The answer, of course, was yes, but Sandy appeared to have fallen into a patriotic stupor, and I took my cue from him and let silence register my awe as well.

Just then a motorcycle policeman pulled alongside us. "What's up, Jersey?" he called through the open window.

"We're looking for our hotel," answered my father. "What's it called, Bess?"

My mother, enthralled only a moment earlier by the dwarfing majesty of the Capitol, immediately went pale, and her voice was so feeble when she tried to speak that she couldn't be heard above the traffic.

"Gotta get you folks out of here," the cop shouted. "Speak up, missus."

"The Douglas Hotel!" It was my brother eagerly calling out to him and trying to get a good look at the motorcycle. "On K Street, Officer."

"Attaboy," and he raised his arm in the air, signaling the cars behind us to stop and for ours to follow him as he made a U-turn and started in the opposite direction up Pennsylvania Avenue.

Laughing, my father said, "We're getting the royal treatment."

"But how do you know where he's taking us?" my mother asked. "Herman, what's happening?"

With the cop out front, we were headed past one big federal building after another when Sandy excitedly pointed toward a rolling lawn just to our left. "Up there!" he shouted. "The White House!" whereupon my mother began to cry.

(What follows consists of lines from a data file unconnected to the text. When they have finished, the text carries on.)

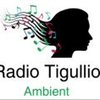 undefined radio-tigullio-ambient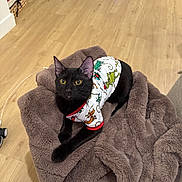 Gigi is registered to the contest to win money with this photo: animal, basket, black_cat, blanket, cat, clothing, cozy, ears, food_bowl, fur, hardwood_floor, indoor, mat, pajamas, pet, pet_toys, portrait, sofa, whiskers, yellow_eyes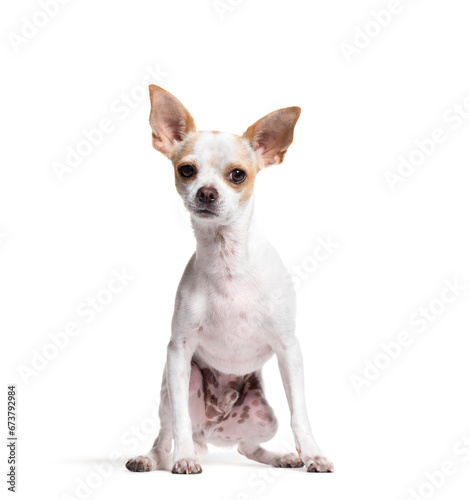 Mixed-breed dog sitting in front of a white background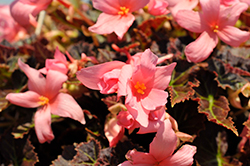Cocoa Enchanted Evening Begonia (Begonia 'Cocoa Enchanted Evening') at Lakeshore Garden Centres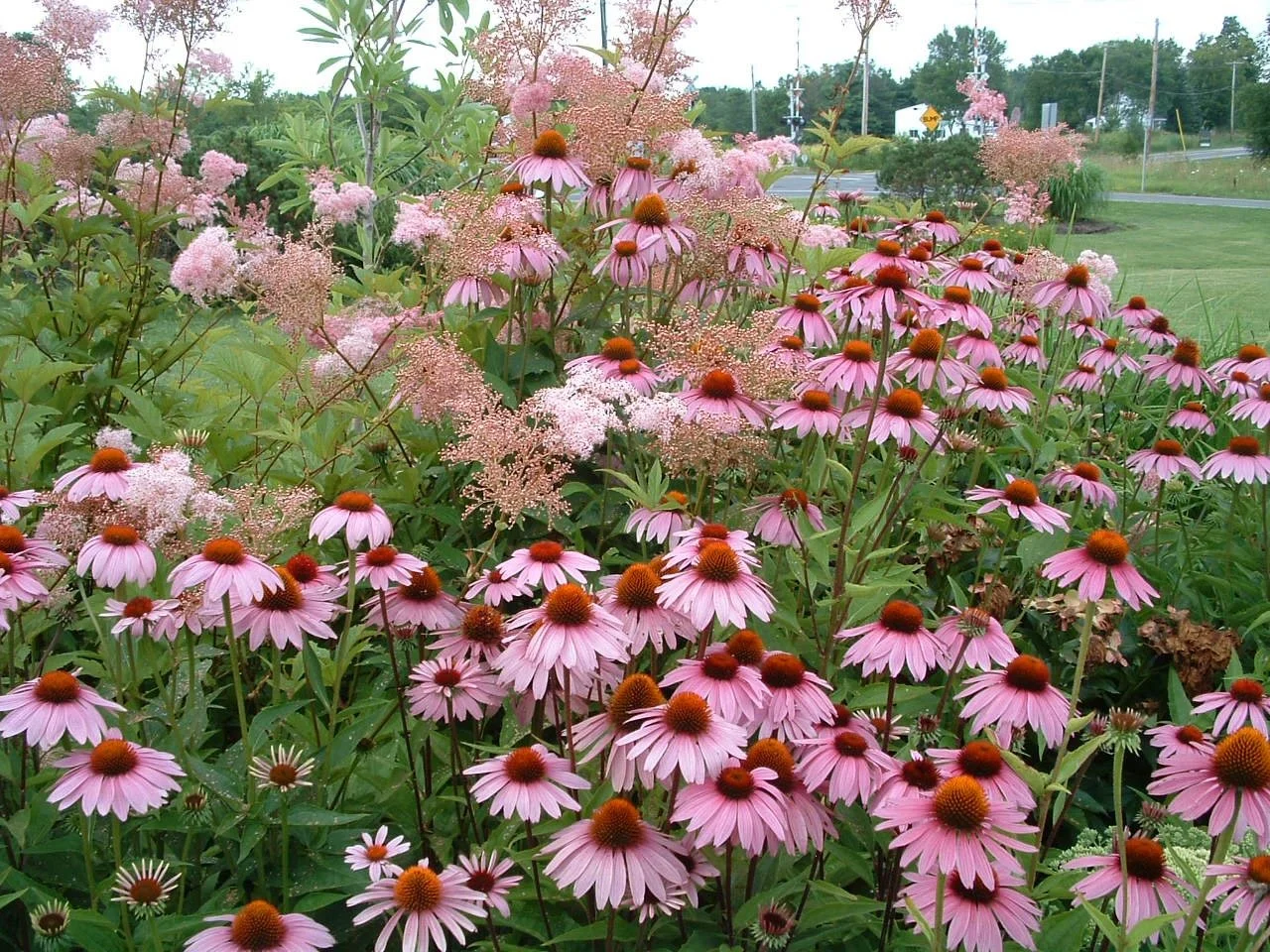 Update Website - 3 of 107.jpeg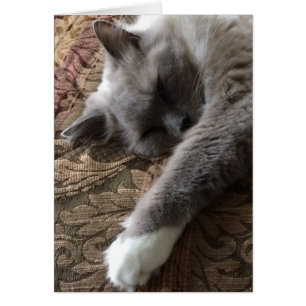 Gato do sono, cartão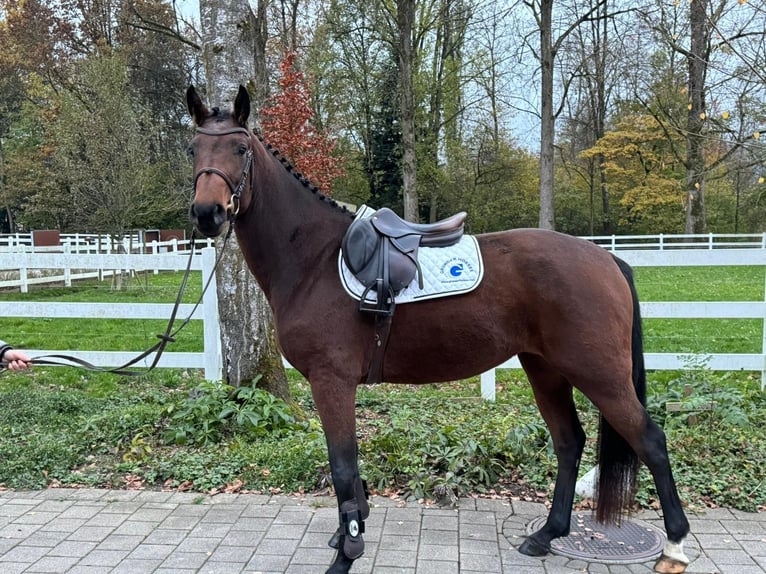 Hanoverian Mare 4 years 16 hh Brown in Rüegsauschachen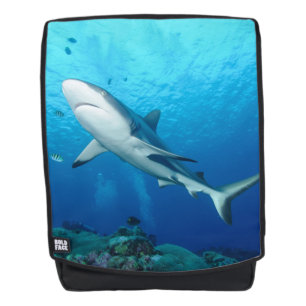 Weißer Hai Rucksack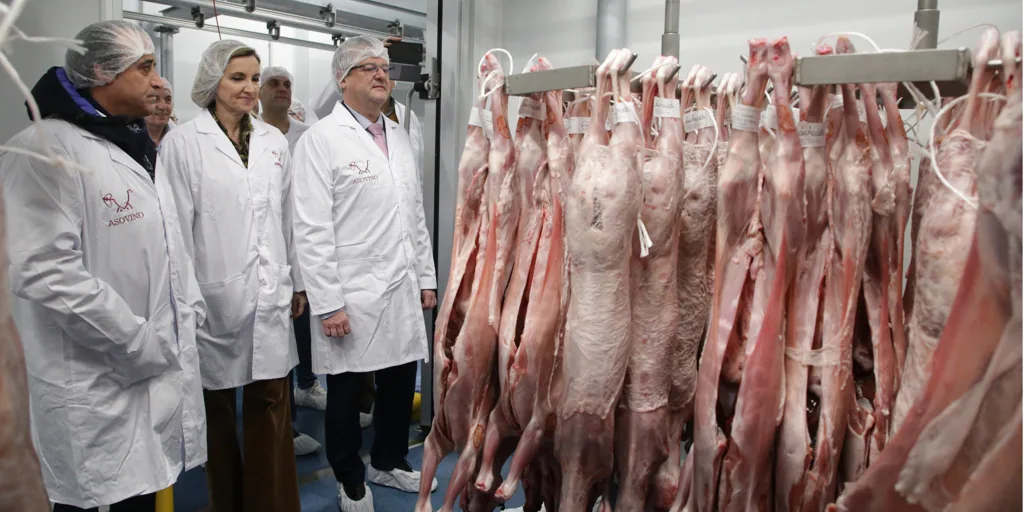 Il consiglio promuove il consumo di agnello di Castilla y León rispetto a Francia, Italia e Grecia.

"It isn't," she tried to explain just before we reached the hotel and the cop waved goodbye and roared away, "it isn't like living in a normal country anymore. I'm terribly sorry, children-please forgive me." But then she began to cry again.

In a little room at the rear of the Douglas there was a double bed for my parents and cots for my brother and me, and no sooner had my father tipped the bellhop who'd unlocked our door and set our bags down inside the room than our mother was her old self-or pretended as much by arranging the contents of our suitcases in the dresser and noting appreciatively that the drawers were freshly laid with lining paper.

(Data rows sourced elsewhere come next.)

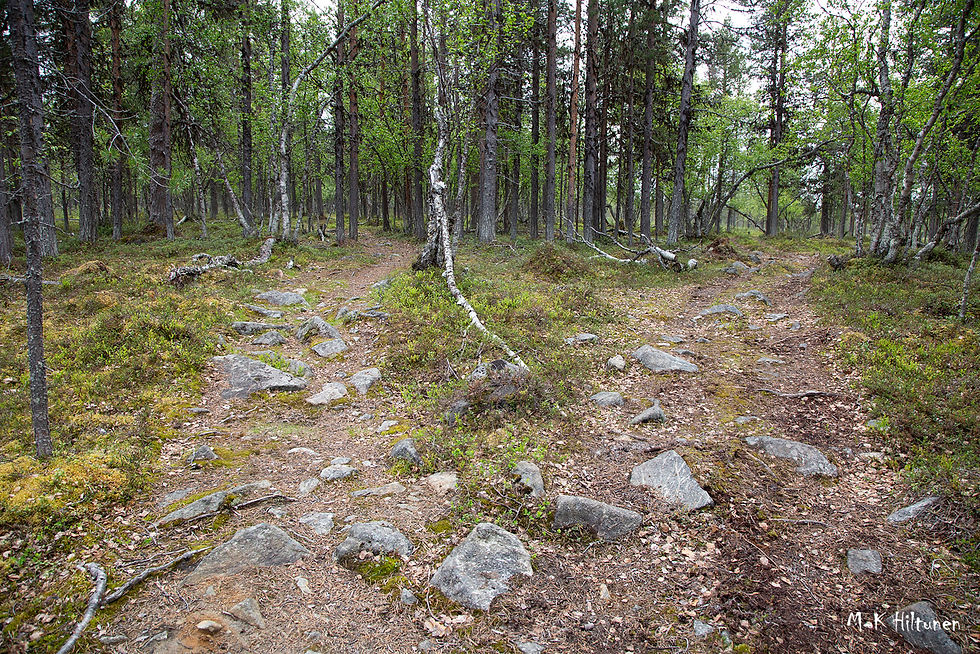 Forest path with rocks leads through tall, green trees. Earthy tones dominate. Quiet and serene atmosphere. Signature: "M-K Hiltunen."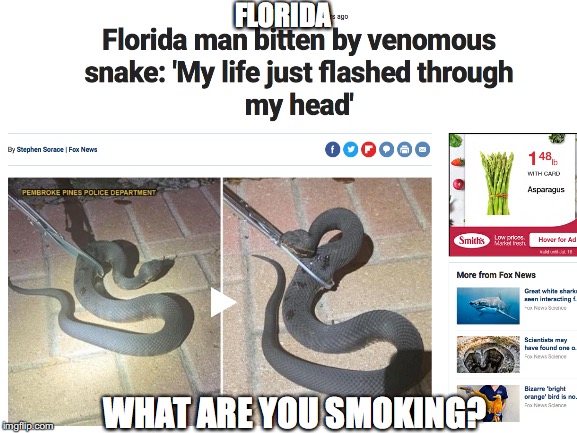 Florida man | FLORIDA; WHAT ARE YOU SMOKING? | image tagged in florida man | made w/ Imgflip meme maker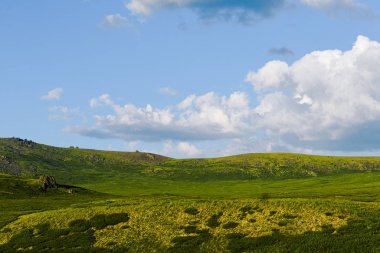 Kibar tepeler, gökyüzünün altındaki yeşil çayırlar. Sığırlar için tarım otlağı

We'd been on the road since leaving home at four in the morning and it was after one in the afternoon when we got back down to the street to look for a place to have lunch. The car was parked across from the hotel, and standing beside it was a sharp-faced little man in a double-breasted gray suit who doffed his hat and said, "My name is Taylor, folks. I am a professional guide to the nation's capital. If you don't want to be wasting time, you might want to hire someone like me. I'll drive for you so you don't get lost, I'll take you to the sights, tell you all there is to know, I'll wait and pick you up, I'll make sure you eat where the price is right and the food is tasty, and all it will cost, using your own automobile, is nine dollars a day. Here's my authorization," he said, and he unfolded a document of several pages to show to my father. "Issued by the Chamber of Commerce," he explained. "Verlin M. Taylor, sir, official D.C. guide since 1937. January 5, 1937, to be exact-the very day the Seventy-fifth U.S. Congress convened."

The two shook hands, and in his insurance man's best businesslike manner my father flipped through the guide's papers before handing them back to him. "Looks good to me," my father said, "but I don't think nine bucks a day is in the cards, Mr. Taylor, not for this family anyway."

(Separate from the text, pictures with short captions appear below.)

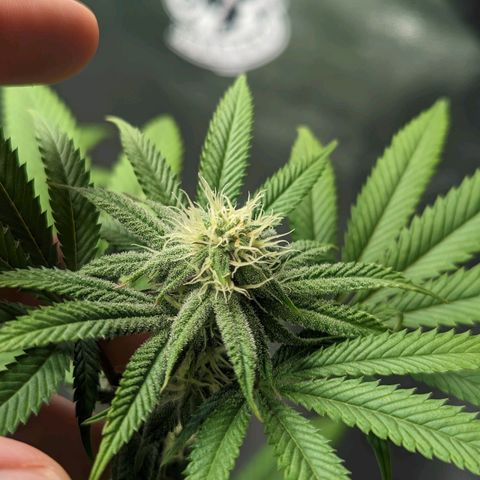 Lemon Cherry Gelato x Black Velvet #1 growlog timeline photo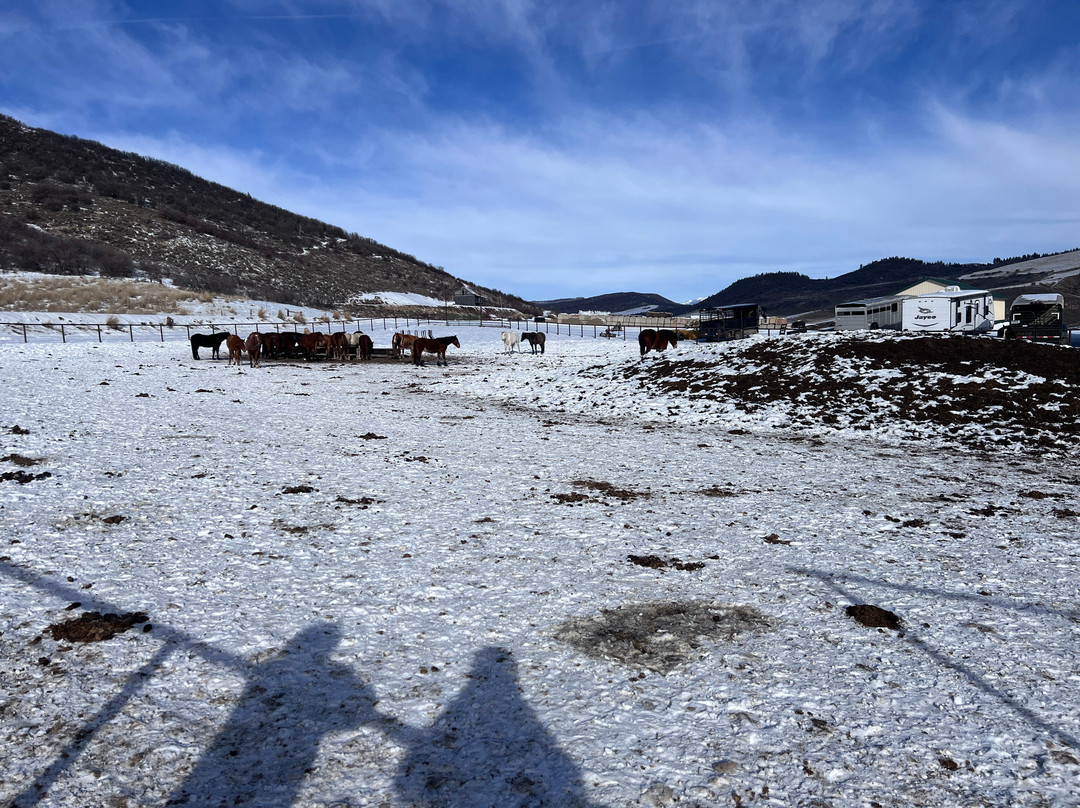 Saddleback Ranch-斯廷博特斯普林斯必去景点
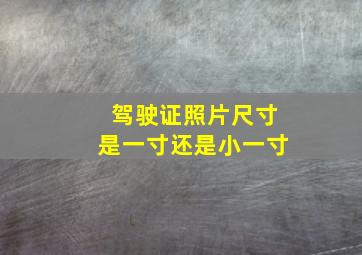 驾驶证照片尺寸是一寸还是小一寸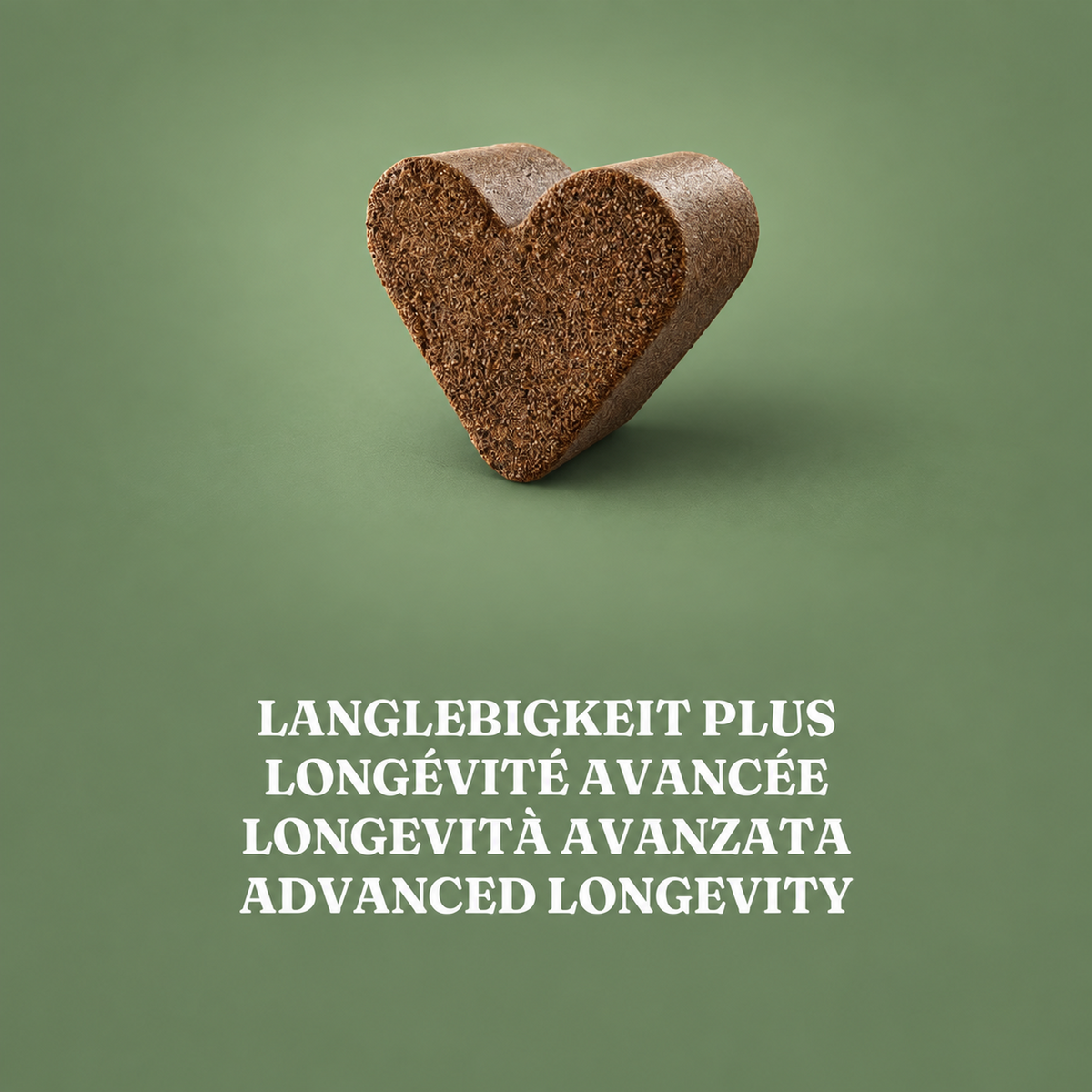 Langlebigkeit Plus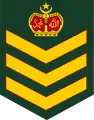 Staff Sergeant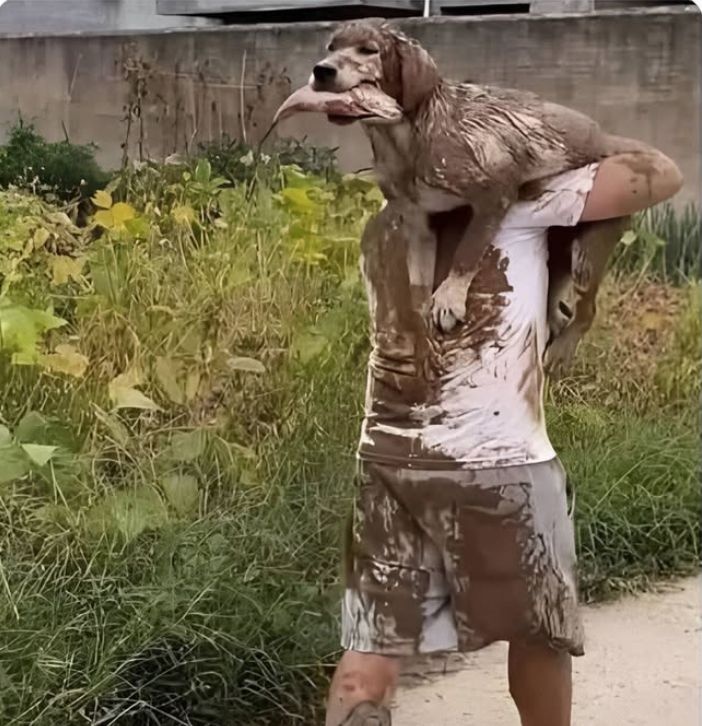 f9ed62a1-bc32-4f3f-9d1c-541d92fe13e1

"I appreciate that. But on your own, sir, you doing the driving and not knowing your way around and then trying to find a parking space in this city-well, you and the family won't see a half of what you'll be able to see with me, and you won't enjoy it anywhere near as much either. Why, I could drive you to a nice place to have your lunch, wait for you with the car, and then we can start right off with the Washington Monument. After that, down the Mall to the Lincoln Memorial. Washington and Lincoln. Our two greatest presidents-that's how I always like to begin. You know that Washington never did live in Washington. President Washington chose the site, he signed the bill making it the permanent seat of the government, but it was his successor, John Adams, who was the first president to move into the White House in 1800. November 1, to be exact. His wife, Abigail, joined him there two weeks later. Among the many interesting curios in the White House, there is still a celery glass owned by John and Abigail Adams."